The city clerk added that the ABCC has shut down and fined establishments in violation.
 
Graves reiterated how unique the Rusty Anchor is. He said it provides an asset to those enjoying the lake. They use the deck, eat lunch or dinner, drink a beer and are back off on their boat.
 
 He said it is not a bar.
 
"Outdoor activities that is what people come here for. They are not coming here for a bar because that is not what we really are," he said. "They have a code to get onto the deck and they can bring their own alcohol and food. They have lunch and a drink and then go out on their boat.
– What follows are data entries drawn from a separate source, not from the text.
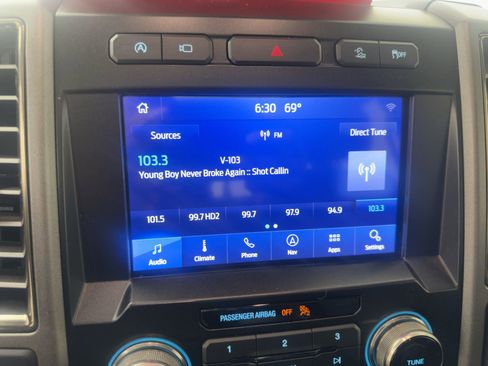 Used 2020 Ford F150 Raptor w/ Equipment Group 802A Luxury image 22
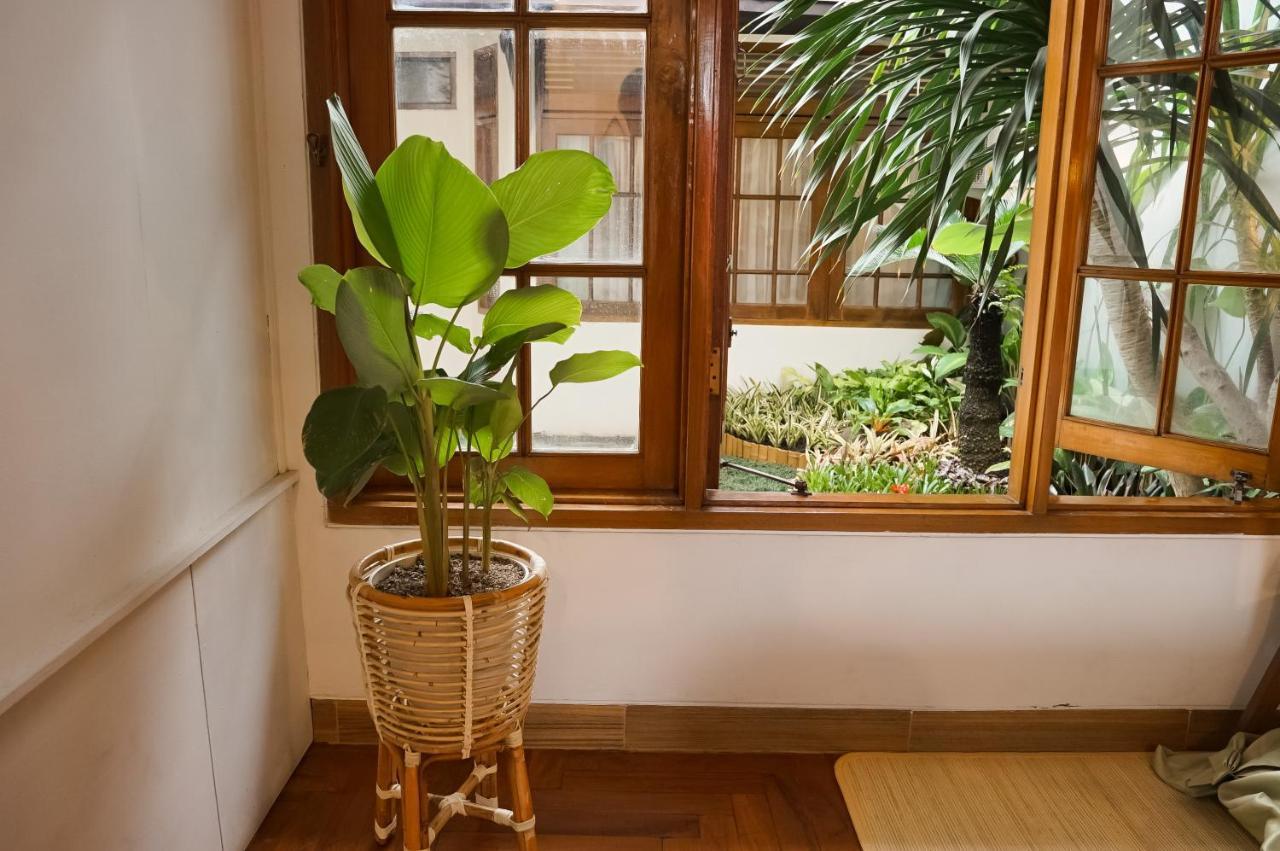 Bed and Breakfast Roemah Renjana Bandung Esterno foto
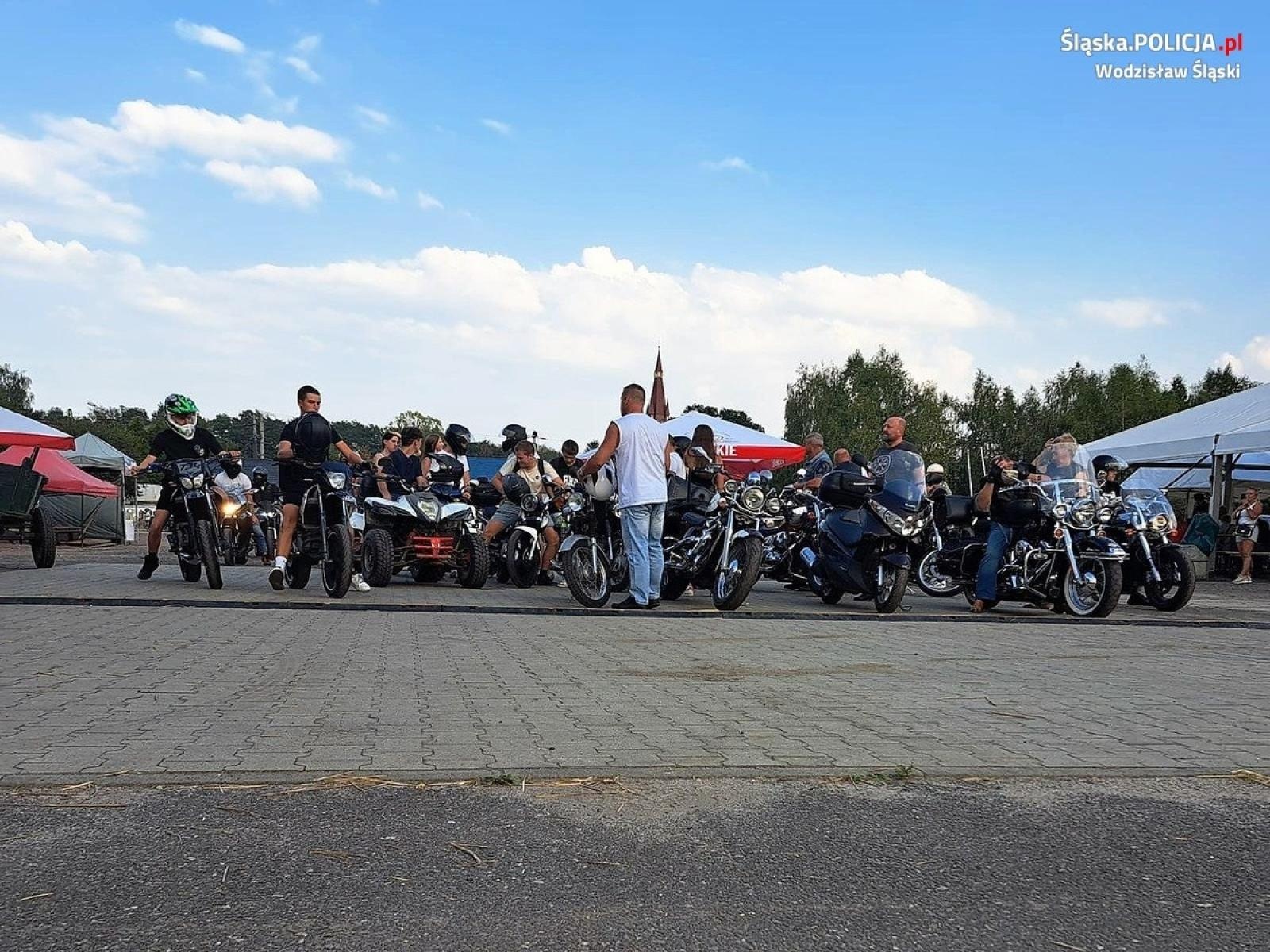 Zdjęcie w galerii na portalu naszwodzislaw.com: VII marklowicki zlot motocykli z udziałem wodzisławskich policjantów wiadomości z regionu
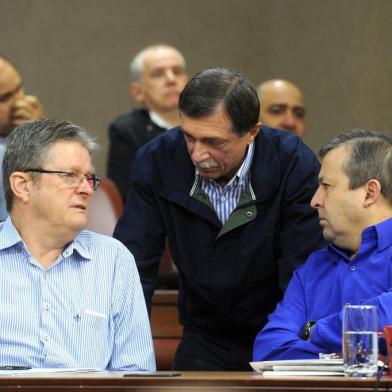  CAXIAS DO SUL, RS, BRASIL, 26/09/2017. Sessão da Câmara de Vereadores de Caxias do Sul trata da votação sobre a admissibilidade do pedido de impeachment contra o prefeito Daniel Guerra (PRB). O pedido foi rejeitado por maioria. Na foto, os vereadores Flávio Cassina (PTB), Adiló Didomenico (PTB) e Velocino Uez (PDT). (Diogo Sallaberry/Agência RBS)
We want people to come in an cycle out."
 
Graves added that patrons will still bring their own drinks to the deck and he would like to be able to serve them and oversee it.
 
There was a question if it was even legal for club members to bring alcohol to the deck.
 
Board member Dina Guiel Lampiasi, who originally voted for the permit, had a change of heart and said in her mind the Rusty Anchor is trying to open up the bar aspect of its business which is not allowed under the current order.
 
She said bars are not allowed in the current phase and if allowed at the Rusty Anchor, people would be allowed to congregate on the deck and be free to walk around the deck to order drinks. 
 
She said the board needed to be fair to other establishments and protect public health.
 
"We are doing really well with our numbers here and quite frankly we are getting to the point that some are forgetting that we are in a pandemic," she said. "But there are hospitals in the country that are at capacity and people are dying. We have to stay vigilant here and we cant bend the rules for one group."
 
Health department officials offered their opinion that the Rusty Anchor is in violation and they will issue fines if it continues to serve.
 
In fact, the department issued a $300 fine in between meetings for holding live entertainment.
 
Graves said one of the members was playing a guitar on the deck. He said he did not pay this person or ask them to play. He said he would not allow this in the future.
 
Campoli said there are avenues for Graves to appeal this fine if he so chooses.
 
Only board members Dennis Powell and Stockwell voted against rescinding the permit.